Sound like a good idea! In "TUTORIALS", http://goldrefiningforum.com/phpBB3/viewtopic.php?f=52&t=11827,
Patnor has some information on how to recover the PM's by incineration & panning from other parts, like mobos, video, network, sound cards, top - black parts...


----------



## kjavanb123 (Oct 27, 2011)

I went through the entire bag that contained the e-scraps and most of them are CD-ROM drive I guess, but could find the following cards which seem to be audio and graphic cards, which seem to have the fingers you mentioned in your post here.

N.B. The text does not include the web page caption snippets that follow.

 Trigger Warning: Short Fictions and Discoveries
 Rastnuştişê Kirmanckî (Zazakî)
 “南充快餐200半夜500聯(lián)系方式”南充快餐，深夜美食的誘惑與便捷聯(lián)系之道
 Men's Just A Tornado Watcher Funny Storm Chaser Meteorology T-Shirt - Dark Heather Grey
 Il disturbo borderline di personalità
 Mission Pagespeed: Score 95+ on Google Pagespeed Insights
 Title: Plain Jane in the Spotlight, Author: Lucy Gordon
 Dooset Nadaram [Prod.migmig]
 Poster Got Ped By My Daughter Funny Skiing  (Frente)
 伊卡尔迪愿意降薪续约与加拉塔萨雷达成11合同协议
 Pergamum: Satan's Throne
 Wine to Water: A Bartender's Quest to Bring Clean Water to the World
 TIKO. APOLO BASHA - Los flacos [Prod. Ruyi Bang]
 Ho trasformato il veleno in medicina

Please advise




and the following items



and




Also these 2 main boards which the CPU seems like being taken apart, any valuble items?



and




Thanks in advance
Kj


----------



## kjavanb123 (Oct 27, 2011)

I went ahead and google-ed some of the items off the list provided by http://www.boardsort.com under their payout section and came up with pictures for these items. I noticed most of them have that golden color fingers. Any of the pro members like to take a shot and post the possible PMs inside each of these?

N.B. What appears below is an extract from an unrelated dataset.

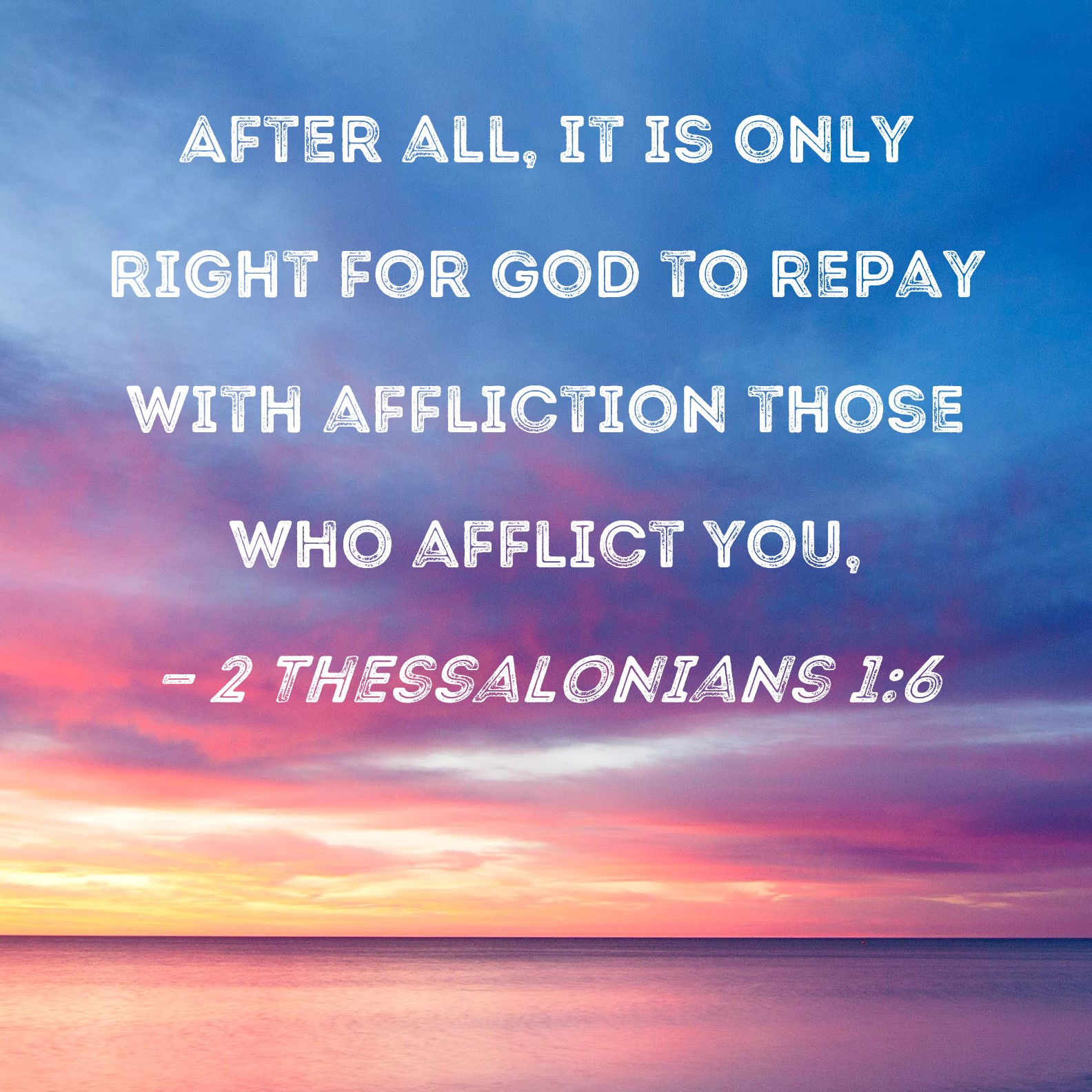 2 Thessalonians 16 After all, it is only right for God to repay with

1. Connector Types (male/female)



2.memory RAM



3. RAMBUS RAM ( metallic cover )



4. ISA Card



5. IC Chips



Thanks
Kevin


----------



## kuma (Oct 27, 2011)

kjavanb123 said:


> I went ahead and google-ed some of the items off the list provided by http://www.boardsort.com under their payout section and came up with pictures for these items. I noticed most of them have that golden color fingers. Any of the pro members like to take a shot and post the possible PMs inside each of these?Thanks
> Kevin



Hi Kevin , how are things ?
I hope all is well!
I'm a noob and as such I'm no pro in any way , but I feel that I can help you just a little here, :mrgreen: 
In my experience , all of the connectors in your first image should contain gold plated pins. Some may only be partly plated , but it all adds up!
In your second image , apart from the obvious gold plating on the edge connector fingers , in my experience there will be microscopic gold wires running through the IC's. 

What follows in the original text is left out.